:: PROVIDED MATERIAL ::

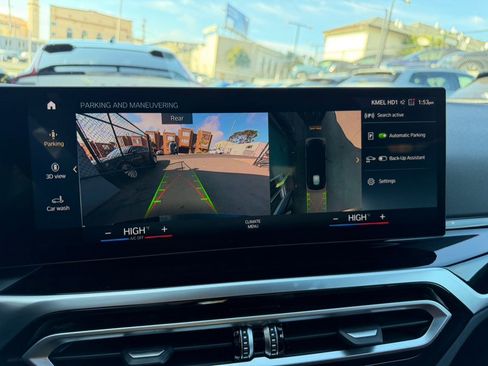 Used 2023 BMW i4 eDrive40 image 28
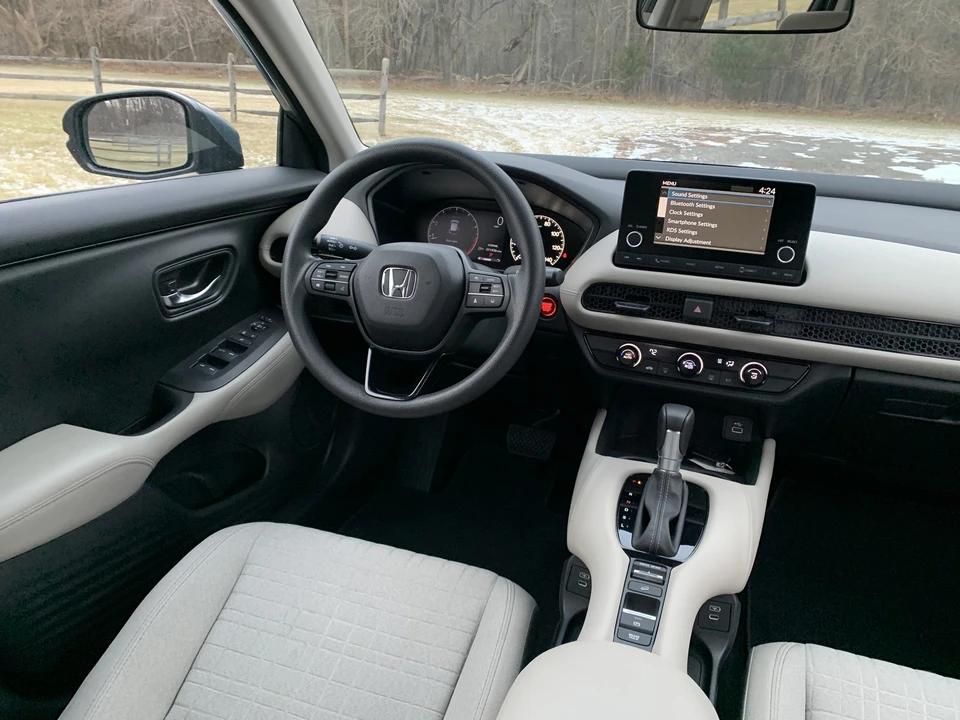 2025 Honda HR-V 3rd Gen - Image 19 of 21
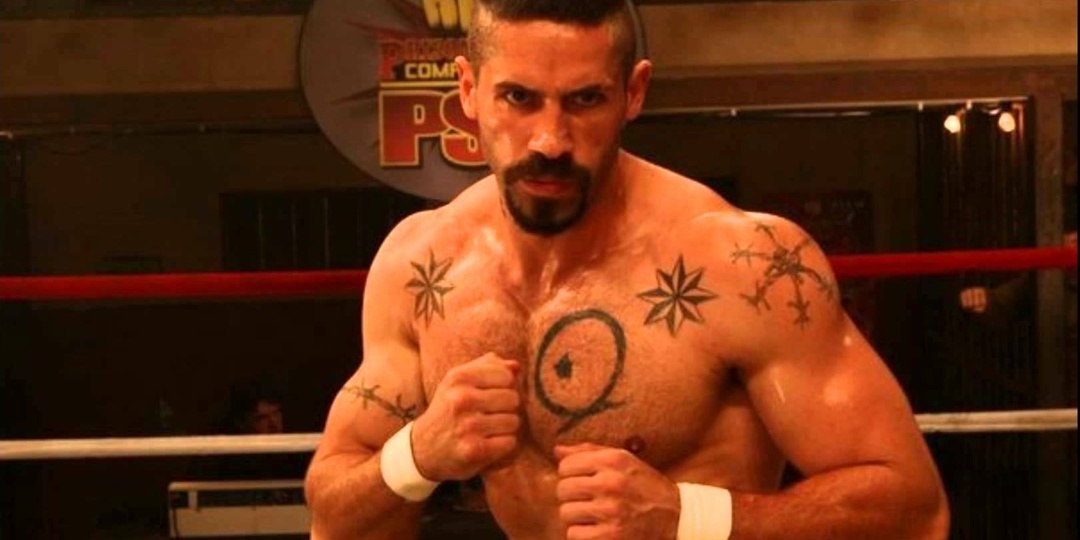 История «тюремного бойца»: как изменился актер из «Неоспоримого» и схема его тренировок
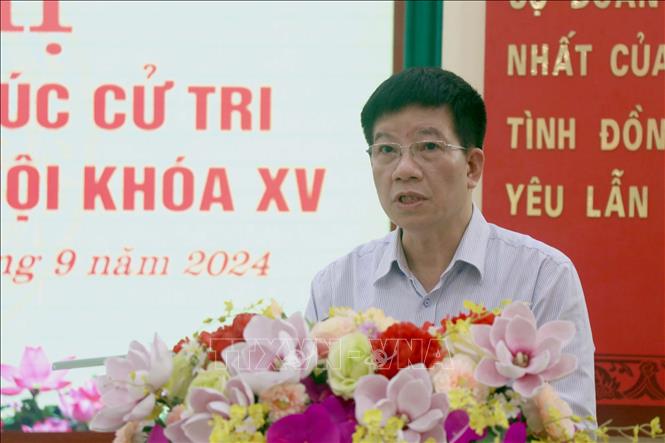 Ông Phạm Đình Toản, Phó Chủ nhiệm Văn phòng Quốc hội, Đại biểu Quốc hội tỉnh Hưng Yên phát biểu tại buổi tiếp xúc cử tri. Ảnh: Mai Ngoan-TTXVN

:::

DIRECTIONS FOR THIS TASK: Reproduce the material exactly. Pictures stay out.

RESPONSE:
 Used 2023 BMW i4 eDrive40 image 28
 2025 Honda HR-V 3rd Gen - Image 19 of 21
 История «тюремного бойца»: как изменился актер из «Неоспоримого» и схема его тренировок
 Ông Phạm Đình Toản, Phó Chủ nhiệm Văn phòng Quốc hội, Đại biểu Quốc hội tỉnh Hưng Yên phát biểu tại buổi tiếp xúc cử tri. Ảnh: Mai Ngoan-TTXVN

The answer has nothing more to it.